= William Anderson (horticulturist) =

Scottish horticulturist

William Anderson (1766–1846), was a Scottish horticulturist.

Anderson was born in Easter Warrington, Edinburgh in Scotland, his father having been, just previous to the rising of 1745, forester and gardener to a Jacobite laird in the western highlands, who had some share in favouring the escape of Charles Edward Stuart. About 1790 he entered upon gardening work in some nurseries near Edinburgh, and subsequently made his way to London, where he became gardener to James Vere, of Kensington Gore, a wealthy silk merchant who had a large collection of plants.

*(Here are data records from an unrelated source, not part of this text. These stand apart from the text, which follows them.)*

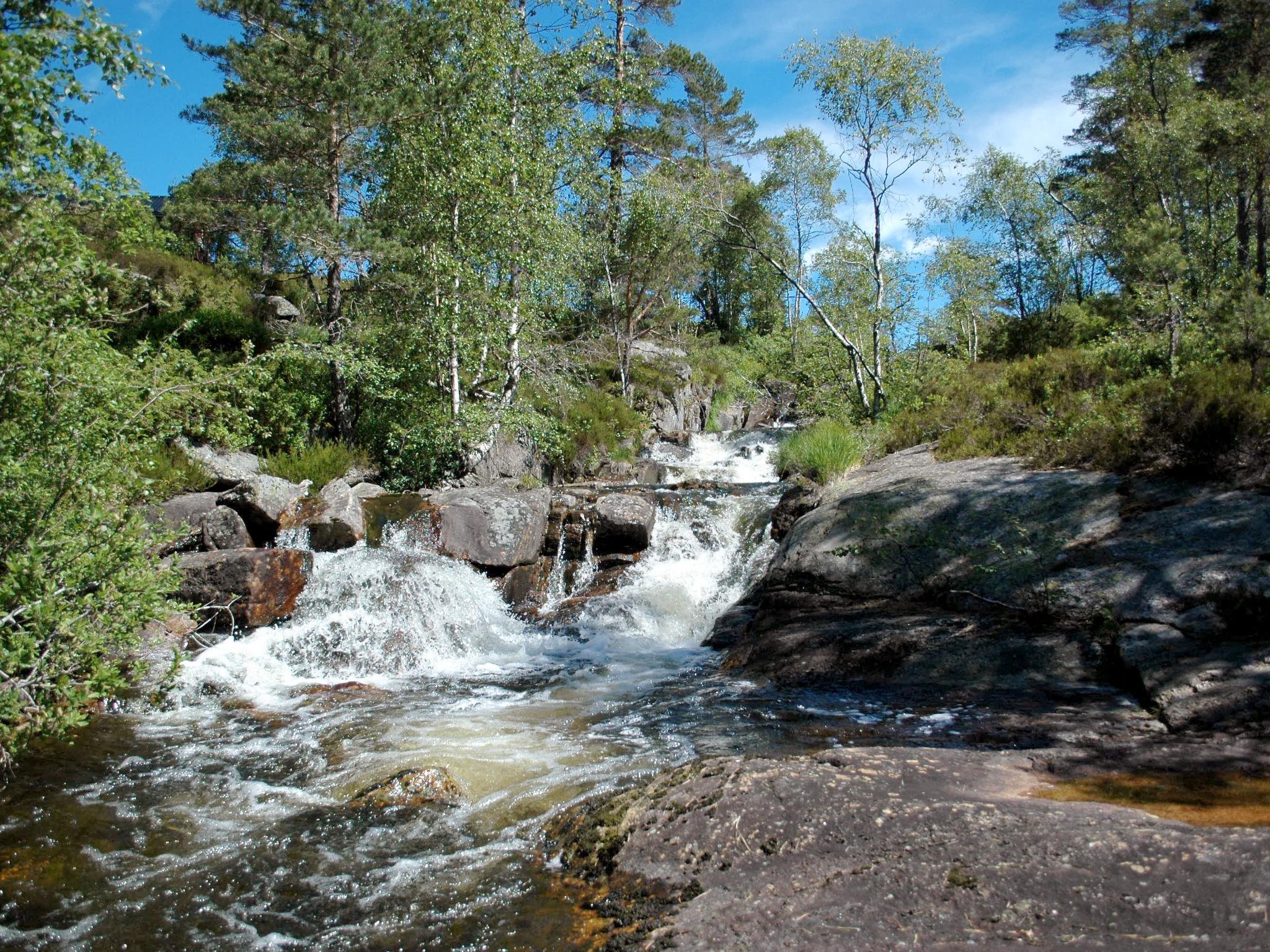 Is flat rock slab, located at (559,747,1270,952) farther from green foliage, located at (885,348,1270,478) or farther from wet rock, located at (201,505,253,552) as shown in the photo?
wet rock, located at (201,505,253,552)

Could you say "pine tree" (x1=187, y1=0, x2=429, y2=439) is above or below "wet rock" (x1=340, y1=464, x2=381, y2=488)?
above

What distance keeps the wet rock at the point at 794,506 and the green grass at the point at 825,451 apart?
0.39 m

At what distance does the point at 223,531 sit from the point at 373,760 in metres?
7.16

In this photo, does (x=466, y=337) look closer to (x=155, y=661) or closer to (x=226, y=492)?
(x=226, y=492)

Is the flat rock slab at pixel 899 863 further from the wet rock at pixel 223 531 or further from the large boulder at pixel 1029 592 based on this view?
the wet rock at pixel 223 531

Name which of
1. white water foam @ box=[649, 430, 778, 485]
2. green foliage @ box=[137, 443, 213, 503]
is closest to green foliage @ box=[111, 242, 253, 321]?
green foliage @ box=[137, 443, 213, 503]

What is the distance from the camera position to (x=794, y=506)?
12281mm

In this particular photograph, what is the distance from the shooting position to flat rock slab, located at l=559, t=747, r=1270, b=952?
2.42 metres

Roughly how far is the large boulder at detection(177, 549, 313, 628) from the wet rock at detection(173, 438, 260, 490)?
9.48 ft

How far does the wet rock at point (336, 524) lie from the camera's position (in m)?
12.0

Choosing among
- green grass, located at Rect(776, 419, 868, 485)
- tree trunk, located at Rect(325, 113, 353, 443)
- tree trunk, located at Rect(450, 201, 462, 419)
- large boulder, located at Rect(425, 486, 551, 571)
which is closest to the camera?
large boulder, located at Rect(425, 486, 551, 571)

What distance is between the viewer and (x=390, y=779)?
17.3ft

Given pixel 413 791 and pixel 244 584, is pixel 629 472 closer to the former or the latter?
pixel 244 584

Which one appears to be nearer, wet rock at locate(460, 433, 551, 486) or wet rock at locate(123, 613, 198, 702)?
wet rock at locate(123, 613, 198, 702) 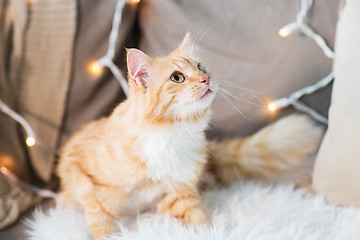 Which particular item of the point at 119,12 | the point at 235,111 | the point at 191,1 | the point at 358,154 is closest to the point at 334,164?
the point at 358,154

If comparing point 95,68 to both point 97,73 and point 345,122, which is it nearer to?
point 97,73

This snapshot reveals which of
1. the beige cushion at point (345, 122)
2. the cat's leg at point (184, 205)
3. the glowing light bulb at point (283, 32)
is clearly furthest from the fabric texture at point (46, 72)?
the beige cushion at point (345, 122)

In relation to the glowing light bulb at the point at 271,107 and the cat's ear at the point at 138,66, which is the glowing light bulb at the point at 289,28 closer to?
the glowing light bulb at the point at 271,107

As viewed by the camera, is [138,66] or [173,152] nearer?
[138,66]

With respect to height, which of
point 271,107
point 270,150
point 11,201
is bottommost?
point 11,201

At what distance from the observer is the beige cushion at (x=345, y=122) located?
79 cm

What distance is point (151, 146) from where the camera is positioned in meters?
0.78

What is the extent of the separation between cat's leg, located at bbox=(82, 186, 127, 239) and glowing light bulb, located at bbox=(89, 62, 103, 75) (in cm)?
47

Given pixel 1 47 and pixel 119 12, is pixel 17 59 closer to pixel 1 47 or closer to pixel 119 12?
pixel 1 47

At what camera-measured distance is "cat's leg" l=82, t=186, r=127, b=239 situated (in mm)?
808

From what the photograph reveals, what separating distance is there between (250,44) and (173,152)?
1.58 feet

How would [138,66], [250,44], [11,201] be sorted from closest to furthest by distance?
1. [138,66]
2. [11,201]
3. [250,44]

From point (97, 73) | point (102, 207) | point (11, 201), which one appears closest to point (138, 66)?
point (102, 207)

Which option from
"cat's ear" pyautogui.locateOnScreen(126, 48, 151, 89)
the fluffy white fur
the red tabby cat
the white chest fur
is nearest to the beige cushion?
the fluffy white fur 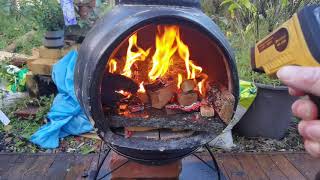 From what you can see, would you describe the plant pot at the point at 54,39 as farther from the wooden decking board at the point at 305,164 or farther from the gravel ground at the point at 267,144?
the wooden decking board at the point at 305,164

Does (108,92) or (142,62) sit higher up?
(142,62)

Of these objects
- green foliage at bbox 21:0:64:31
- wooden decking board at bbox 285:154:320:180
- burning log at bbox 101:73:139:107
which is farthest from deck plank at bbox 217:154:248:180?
green foliage at bbox 21:0:64:31

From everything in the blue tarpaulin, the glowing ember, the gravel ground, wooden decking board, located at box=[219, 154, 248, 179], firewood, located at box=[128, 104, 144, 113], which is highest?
the glowing ember

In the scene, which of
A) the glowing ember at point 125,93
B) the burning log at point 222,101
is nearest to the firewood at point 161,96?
the glowing ember at point 125,93

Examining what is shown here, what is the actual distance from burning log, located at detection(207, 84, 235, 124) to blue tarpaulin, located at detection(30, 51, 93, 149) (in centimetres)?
134

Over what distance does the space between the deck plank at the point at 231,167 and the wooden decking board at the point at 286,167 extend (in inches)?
11.7

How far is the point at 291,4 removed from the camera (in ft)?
10.6

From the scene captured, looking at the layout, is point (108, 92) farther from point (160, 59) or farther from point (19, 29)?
point (19, 29)

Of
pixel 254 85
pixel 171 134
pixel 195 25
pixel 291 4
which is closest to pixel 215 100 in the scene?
pixel 171 134

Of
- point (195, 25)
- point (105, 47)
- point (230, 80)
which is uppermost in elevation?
point (195, 25)

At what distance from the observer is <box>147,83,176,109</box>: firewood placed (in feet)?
5.74

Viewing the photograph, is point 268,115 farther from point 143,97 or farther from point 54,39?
point 54,39

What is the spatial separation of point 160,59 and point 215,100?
0.37 meters

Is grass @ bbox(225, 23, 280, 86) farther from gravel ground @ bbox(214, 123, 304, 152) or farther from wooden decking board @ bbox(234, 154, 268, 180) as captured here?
wooden decking board @ bbox(234, 154, 268, 180) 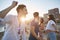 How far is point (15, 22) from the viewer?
188 cm

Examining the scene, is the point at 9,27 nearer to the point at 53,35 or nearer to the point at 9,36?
the point at 9,36

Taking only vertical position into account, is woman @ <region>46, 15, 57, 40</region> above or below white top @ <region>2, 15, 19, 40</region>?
below

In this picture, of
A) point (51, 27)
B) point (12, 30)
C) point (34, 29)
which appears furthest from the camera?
point (51, 27)

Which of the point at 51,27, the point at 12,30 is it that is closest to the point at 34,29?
the point at 51,27

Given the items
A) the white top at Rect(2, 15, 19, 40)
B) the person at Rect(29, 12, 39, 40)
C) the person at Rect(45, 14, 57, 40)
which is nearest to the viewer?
the white top at Rect(2, 15, 19, 40)

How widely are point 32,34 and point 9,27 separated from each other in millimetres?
1575

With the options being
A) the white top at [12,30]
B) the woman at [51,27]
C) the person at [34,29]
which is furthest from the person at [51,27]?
the white top at [12,30]

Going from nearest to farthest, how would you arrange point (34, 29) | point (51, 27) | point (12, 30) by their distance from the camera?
point (12, 30) → point (34, 29) → point (51, 27)

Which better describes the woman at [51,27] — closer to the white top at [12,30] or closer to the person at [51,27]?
the person at [51,27]

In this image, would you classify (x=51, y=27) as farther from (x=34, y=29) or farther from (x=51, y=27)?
(x=34, y=29)

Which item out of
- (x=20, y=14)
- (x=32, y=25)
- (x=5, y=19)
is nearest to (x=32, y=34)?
(x=32, y=25)

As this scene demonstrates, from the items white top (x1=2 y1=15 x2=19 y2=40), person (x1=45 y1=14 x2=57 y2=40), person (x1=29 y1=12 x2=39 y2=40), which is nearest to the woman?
person (x1=45 y1=14 x2=57 y2=40)

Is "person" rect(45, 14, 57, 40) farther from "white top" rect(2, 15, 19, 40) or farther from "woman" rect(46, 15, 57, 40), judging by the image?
"white top" rect(2, 15, 19, 40)

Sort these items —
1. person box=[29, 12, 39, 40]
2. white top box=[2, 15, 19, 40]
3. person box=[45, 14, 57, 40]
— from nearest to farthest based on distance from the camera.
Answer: white top box=[2, 15, 19, 40], person box=[29, 12, 39, 40], person box=[45, 14, 57, 40]
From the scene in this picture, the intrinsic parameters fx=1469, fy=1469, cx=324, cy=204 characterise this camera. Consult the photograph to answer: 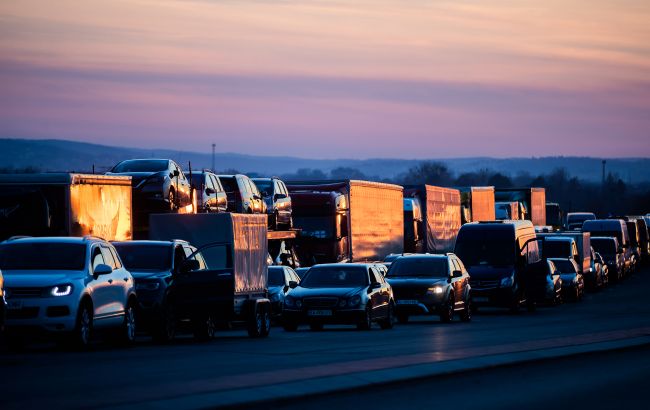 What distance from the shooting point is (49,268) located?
22.8m

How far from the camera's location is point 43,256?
23047 millimetres

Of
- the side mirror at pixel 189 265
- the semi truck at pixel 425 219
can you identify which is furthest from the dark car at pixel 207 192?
the semi truck at pixel 425 219

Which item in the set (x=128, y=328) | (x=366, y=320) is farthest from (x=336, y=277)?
(x=128, y=328)

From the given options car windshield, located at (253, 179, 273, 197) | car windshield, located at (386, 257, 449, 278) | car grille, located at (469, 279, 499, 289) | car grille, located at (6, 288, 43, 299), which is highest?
car windshield, located at (253, 179, 273, 197)

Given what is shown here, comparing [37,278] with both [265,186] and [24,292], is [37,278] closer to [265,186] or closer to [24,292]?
[24,292]

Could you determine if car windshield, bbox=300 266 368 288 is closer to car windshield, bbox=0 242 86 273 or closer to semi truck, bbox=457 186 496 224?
car windshield, bbox=0 242 86 273

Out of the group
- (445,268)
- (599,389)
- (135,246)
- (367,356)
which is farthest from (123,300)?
(445,268)

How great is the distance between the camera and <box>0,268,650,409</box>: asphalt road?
14.7 m

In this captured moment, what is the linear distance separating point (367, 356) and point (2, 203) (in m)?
11.9

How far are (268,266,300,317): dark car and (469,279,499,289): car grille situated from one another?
5758 mm

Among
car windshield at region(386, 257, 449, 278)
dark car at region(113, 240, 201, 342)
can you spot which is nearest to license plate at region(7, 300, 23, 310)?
dark car at region(113, 240, 201, 342)

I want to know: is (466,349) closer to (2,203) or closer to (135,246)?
(135,246)

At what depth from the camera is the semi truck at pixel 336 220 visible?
48062 mm

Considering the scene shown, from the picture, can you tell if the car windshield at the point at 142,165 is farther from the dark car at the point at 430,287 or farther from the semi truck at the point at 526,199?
the semi truck at the point at 526,199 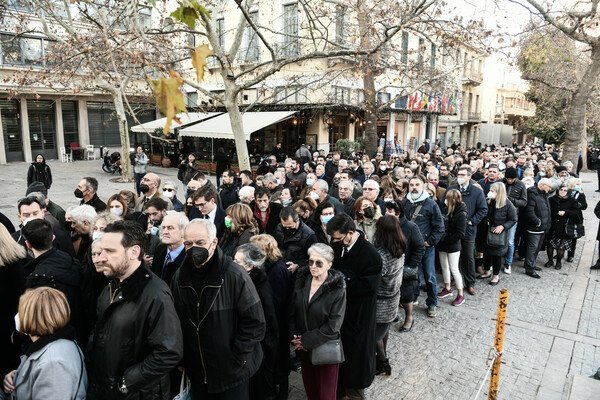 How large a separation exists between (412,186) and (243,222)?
8.52 feet

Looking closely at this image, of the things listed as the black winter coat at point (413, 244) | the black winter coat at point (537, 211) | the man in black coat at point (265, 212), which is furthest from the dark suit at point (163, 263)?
the black winter coat at point (537, 211)

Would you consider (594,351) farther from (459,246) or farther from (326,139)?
(326,139)

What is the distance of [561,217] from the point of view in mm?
7766

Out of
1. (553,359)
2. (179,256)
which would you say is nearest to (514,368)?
(553,359)

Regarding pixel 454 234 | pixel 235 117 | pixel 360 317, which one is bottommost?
pixel 360 317

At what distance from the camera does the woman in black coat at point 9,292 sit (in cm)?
322

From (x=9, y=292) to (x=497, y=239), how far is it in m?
6.58

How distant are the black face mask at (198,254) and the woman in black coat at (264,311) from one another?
0.55 m

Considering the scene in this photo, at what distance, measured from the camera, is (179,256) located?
12.1 feet

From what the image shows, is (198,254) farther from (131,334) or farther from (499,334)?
(499,334)

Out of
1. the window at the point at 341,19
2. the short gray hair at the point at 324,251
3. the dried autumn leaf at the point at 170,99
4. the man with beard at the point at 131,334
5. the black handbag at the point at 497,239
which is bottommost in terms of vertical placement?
the black handbag at the point at 497,239

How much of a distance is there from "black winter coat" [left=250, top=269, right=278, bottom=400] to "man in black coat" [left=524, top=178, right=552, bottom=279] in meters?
5.72

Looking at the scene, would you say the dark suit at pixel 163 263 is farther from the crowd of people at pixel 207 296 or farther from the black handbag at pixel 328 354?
the black handbag at pixel 328 354

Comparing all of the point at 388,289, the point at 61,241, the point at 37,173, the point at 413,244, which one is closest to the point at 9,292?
the point at 61,241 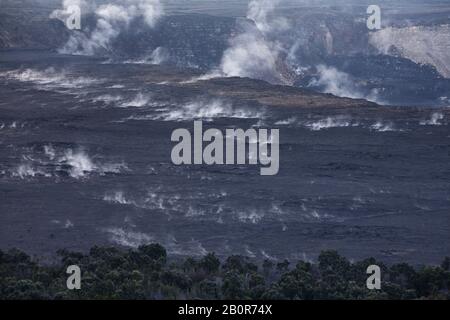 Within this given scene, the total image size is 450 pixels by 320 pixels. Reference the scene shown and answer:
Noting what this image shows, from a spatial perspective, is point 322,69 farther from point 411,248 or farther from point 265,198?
point 411,248

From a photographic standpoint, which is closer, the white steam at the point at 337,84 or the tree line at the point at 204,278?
the tree line at the point at 204,278

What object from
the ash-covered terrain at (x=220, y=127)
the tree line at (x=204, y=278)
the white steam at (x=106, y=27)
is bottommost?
the tree line at (x=204, y=278)

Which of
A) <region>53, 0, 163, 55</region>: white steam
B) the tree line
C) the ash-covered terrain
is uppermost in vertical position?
<region>53, 0, 163, 55</region>: white steam

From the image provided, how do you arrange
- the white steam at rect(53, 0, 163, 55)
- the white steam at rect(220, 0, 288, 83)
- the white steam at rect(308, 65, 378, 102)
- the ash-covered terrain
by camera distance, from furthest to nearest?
1. the white steam at rect(53, 0, 163, 55)
2. the white steam at rect(220, 0, 288, 83)
3. the white steam at rect(308, 65, 378, 102)
4. the ash-covered terrain

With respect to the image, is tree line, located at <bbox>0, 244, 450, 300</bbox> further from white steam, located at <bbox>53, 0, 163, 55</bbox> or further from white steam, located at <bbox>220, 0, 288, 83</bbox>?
white steam, located at <bbox>53, 0, 163, 55</bbox>

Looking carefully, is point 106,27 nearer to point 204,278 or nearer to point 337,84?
point 337,84

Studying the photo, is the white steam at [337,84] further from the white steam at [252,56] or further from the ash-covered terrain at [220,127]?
the white steam at [252,56]

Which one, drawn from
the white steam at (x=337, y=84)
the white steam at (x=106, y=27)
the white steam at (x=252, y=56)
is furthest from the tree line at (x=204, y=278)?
the white steam at (x=106, y=27)

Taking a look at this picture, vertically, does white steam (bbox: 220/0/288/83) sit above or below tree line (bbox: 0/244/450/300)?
above

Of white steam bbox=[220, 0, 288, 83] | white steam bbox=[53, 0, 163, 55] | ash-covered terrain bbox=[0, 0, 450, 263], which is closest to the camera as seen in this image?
ash-covered terrain bbox=[0, 0, 450, 263]

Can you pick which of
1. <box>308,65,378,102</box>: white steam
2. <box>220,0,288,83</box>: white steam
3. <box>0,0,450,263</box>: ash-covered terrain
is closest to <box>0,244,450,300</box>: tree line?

In 1814 he was appointed by the Society of Apothecaries gardener—a title changed during his occupancy of the office to curator—of their botanic garden at Chelsea, a post which he filled until his death. He at once set to work to raise the garden from the state of neglect into which it had fallen, and his efforts were attended with great success. He was said to be tall and burly, somewhat rough in manners and appearance, but warm-hearted and charitable. He was elected an associate of the Linnean Society in 1798, and became a fellow in 1815; he contributed various papers on horticultural subjects to the Gardener's Magazine and Horticultural Society's Transactions. He died at Chelsea, 6 October 1846, and is buried in the churchyard of the old church.